‘Safety last’: Lack of urgency over positive train control costs lives
After a 2008 collision between a commuter train and a freight train in Chatsworth, California, left 25 dead, Congress moved quickly to include a safety system known as positive train control (PTC) in legislation mandating transportation upgrades. Signed into law in October of that year, the Rail Safety Improvement Act of 2008 required PTC technology on all of the nation’s rails by Dec. 15, 2015.
But the remarkable (and bipartisan) momentum seen in the wake of the Chatsworth accident proved difficult to sustain. Almost seven years after passage of the safety law, and five years since the federal transportation rules were finalized, PTC is not in place and implementation is behind schedule across large parts of the United States rail network.

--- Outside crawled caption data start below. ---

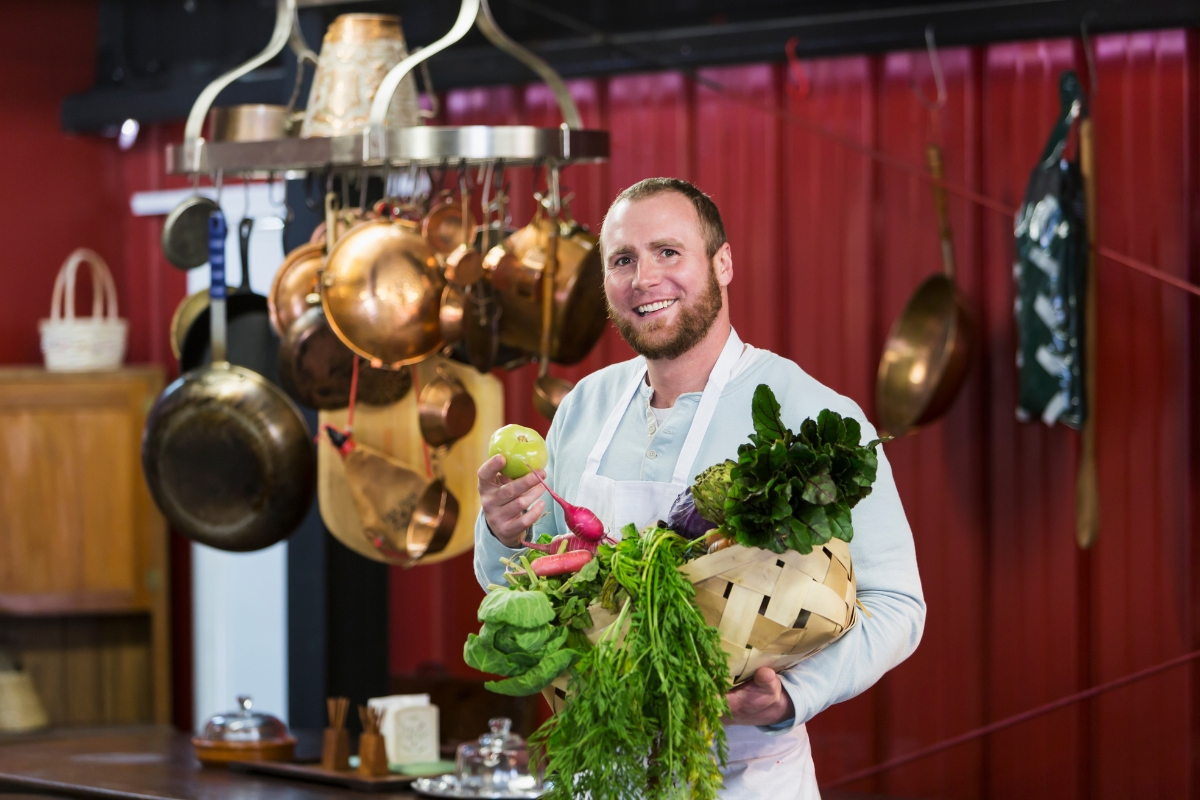 A man in a white apron stands in a kitchen holding a basket of fresh vegetables and an apple, embodying the essence of farm-to-table catering, with hanging copper pots and other kitchen items in the background.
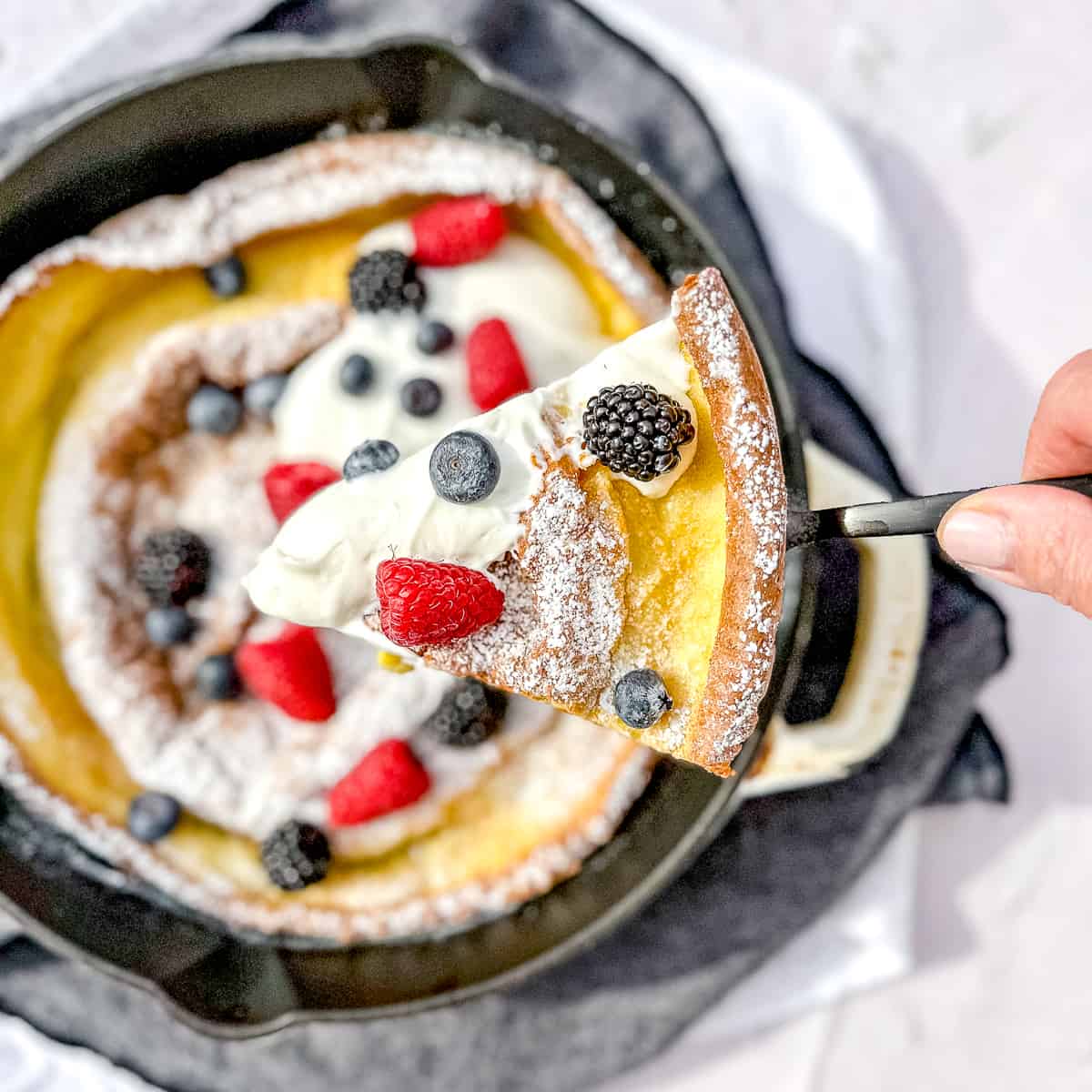 a slice of dutch baby with yogurt and fruit.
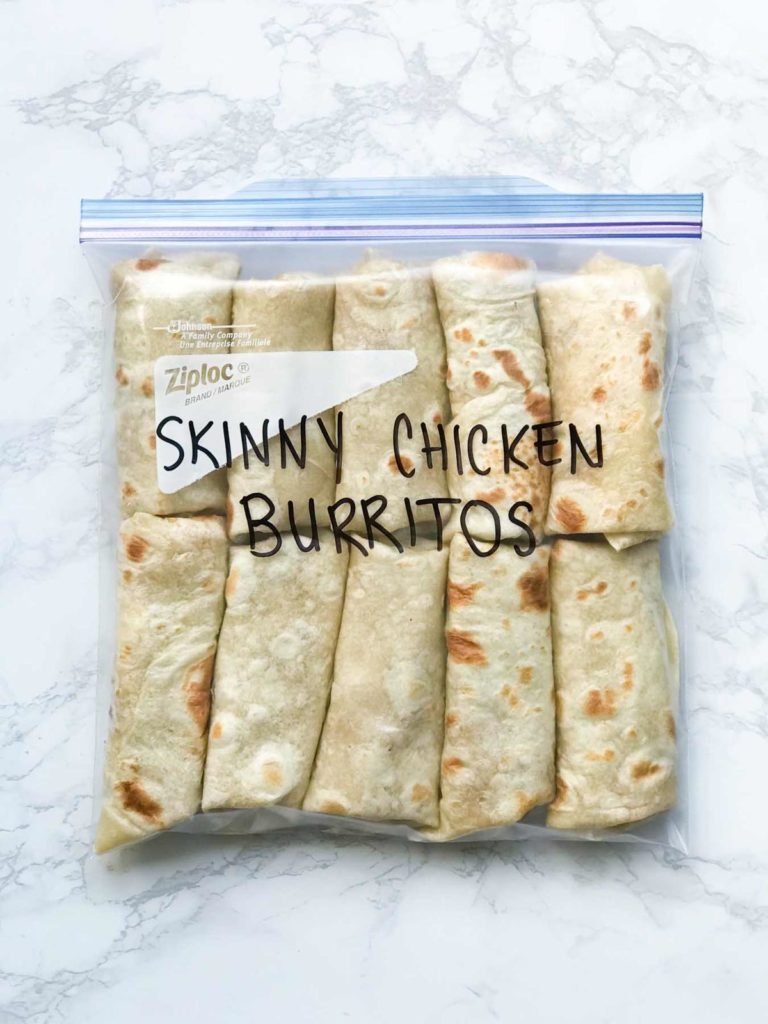10 burritos in a freezer bag with label skinny chicken burritos written on outside.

Amtrak — which was created by the federal government in 1970 as a for-profit entity, but, like all major passenger railways worldwide, requires supplemental government funding — has traditionally been the target of budget hawks and anti-government crusaders. The railroad regularly faces calls for cost cutting and self-sufficiency.
And fatal passenger train accidents in 2013, 2104 and this week have so far failed to significantly alter that dynamic.
Less than a day after an Amtrak passenger train derailed in North Philadelphia, killing eight, the Republican-controlled House Appropriations Committee approved a bill Wednesday that would cut Amtrak’s budget for capital improvements.
As reported yesterday by Al Jazeera — and later confirmed by the National Transportation Safety Board (NTSB) — Tuesday night’s accident happened on a stretch of track that still had not been outfitted with a working PTC system.
“We have called for positive train control for many, many years,” said NTSB member Robert Sumwalt. “It's on our most wanted list. Congress has mandated that it be installed by the end of this year.”
“Based on what we know right now,” he said, “we feel that, had such a system been installed in this section of track, this accident would not have occurred.”
Data obtained by Al Jazeera showed the Amtrak train was traveling at 106 mph just feet before entering a curve where the maximum safe speed is 50 mph. The locomotive’s data recorder, recovered Wednesday, showed a speed of 102 mph at the moment the train derailed. A working PTC system would have identified the dangerously high speed and alerted the train’s engineer. If the engineer still failed to sufficiently reduce speed, PTC would have automatically slowed the train well in advance of the curve. (The engineer of the derailed train suffered a concussion and has no recollection of the accident, according to his attorney.)
But Tuesday’s accident was not the first reminder of the potential benefits of PTC.
On Dec. 1, 2013, a Metro-North commuter train derailed in the Bronx after a sleep-deprived engineer failed to slow down in advance of a curve. The train was traveling 82 mph, nearly three times the allowable speed for that turn. The accident left four dead and another 60 people injured. NTSB investigators determined that, had PTC been operational on that stretch of track, the derailment would not have occurred.
That area, as with the rest of the nation’s rail network, is required to have PTC installed by the end of this year. But just last month, Democratic Senators Chuck Schumer, N.Y., and Richard Blumenthal, Conn., introduced legislation to extend the deadline for Metro-North and the Long Island Railroad until 2018.
But that is still two years earlier than alternative proposals, backed by the railway industry, which would extend the deadline for PTC for the entire country through 2020.
Metro-North had attributed the delay to a lack of access to necessary radio spectrum, which allows train and track equipment to communicate, from the Federal Communications Commission and the need to test a pilot PTC program.
But for Amtrak’s northeast corridor, the concern is also budgetary.
Freight and passenger railroads report to have spent $5.2 billion on PTC in the last five years and estimate the cost of a completed system at $10 billion.
“It’s still expensive,” said former NTSB member John Goglia while discussing PTC with MSNBC’s Lawrence O’Donnell. “Amtrak has been struggling with funding for a long time.”
“Amtrak has really suffered from congressional schizophrenia over funding levels,” said Ray LaHood, a former Republican Representative from Illinois and President Obama’s secretary of transportation until 2013. LaHood, who spoke to the New York Times, pointed to federal lawmakers from states not served by passenger rail, “They think Amtrak is just the easy place to cut.”
As if to illustrate LaHood’s observation, Rep. Mike Simpson, a Republican from Idaho and a member of the House Appropriations Committee, chastised his Democratic colleagues for trying to use Tuesday’s derailment as inspiration to restore Amtrak cuts. “It was beneath you,” Simpson said.
Still, by rail advocates' standards, and perhaps through a 2008 lens, now is exactly the time to consider the issue.
“We are seeing events that are absolutely preventable with positive train control, particularly on passenger operations,” said Deborah A. P. Hersman, a former chairwoman of the NTSB and current president and chief executive of the National Safety Council, in an interview with the New York Times.
“When you consider investment priorities, safety comes last,” she said.